Dvorett concurs that selling full price is still the best way to profitability, and CaaStle’s focus is only on the inventory once it gets to the markdown phase.

“We help brands and retailers squeeze that extra margin, and rental is a way of doing it; it offers another channel and lifecycle of the product, and the presence of rental impacts markdown liquidation decisions,” she said.

The platform brings the abilities of third-party sites like Rent the Runway directly to brands who need help facilitating that.

Typically, the platform can offer a single-time rental or ‘borrow” transaction, a rental subscription that delivers several items monthly, or a flat-out purchase listed simultaneously on the website. Dvorett mentioned Vince’s Unfold program, which, for a monthly fee of $175, offers several pieces monthly to try and return or buy.

“Borrowing extends the product life cycle of clothing while driving profitability. We believe it helps unlock creativity for designers like Joseph. If you know that you have a stronger monetization channel and that you will earn more per item, you can push the boundaries a bit and use more channels; you can commit more to the product buy. If it doesn’t go exactly as you like, you have options. The risks can accelerate growth and ignite creativity,” Dvorett suggested.

Altuzarra also suggests renting can only further his brand positioning.

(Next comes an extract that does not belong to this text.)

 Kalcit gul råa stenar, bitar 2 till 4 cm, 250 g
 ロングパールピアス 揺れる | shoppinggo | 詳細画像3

Christine Hunsicker – Courtesy

“We rent Altuzarra on Rent the Runway, and to my understanding in the Venn diagram, there is some crossover for customers who will rent and then buy. A large number of customers come to the website and love the product but can’t buy it. This gets them in the door,” he said, adding,

“I see how Gen Z and younger people in my office consume fashion, and they are all renting; many people are well-versed in it. They are discovering brands and, as they age, will be able to become full-price long-term customers.”

He anticipates that a rental system will allow runway-exclusive styles to be produced for customers to experience without buying at full price, thus supporting innovation and artistry.

Hoffman said it’s mind-boggling to see the number of designer and luxury email blasts touting 75 percent markdowns, a common practice that renting could alleviate.

“The younger customer wants it, and the industry knows something needs to change,” he continued.

According to the executive, it has already affected Elyse Walker’s returns, as the rental feature has helped them implement final sale stipulations at lower percentages.

“In the last decade, growth was prioritized over profitability, and we saw start-ups that only went for market share and weren’t set up for profitability. What we do at P180 and CaaStle is to raise the floor for your liability; if you know you are getting more for markdown inventory, it gives you more confidence to take risks,” he said.

While all parties are excited for this next phase of retail that will maximize inventory while engaging a new customer to be introduced to the brand, they assured another tried and true way to get to know a designer brand, the sample sale, is here to stay.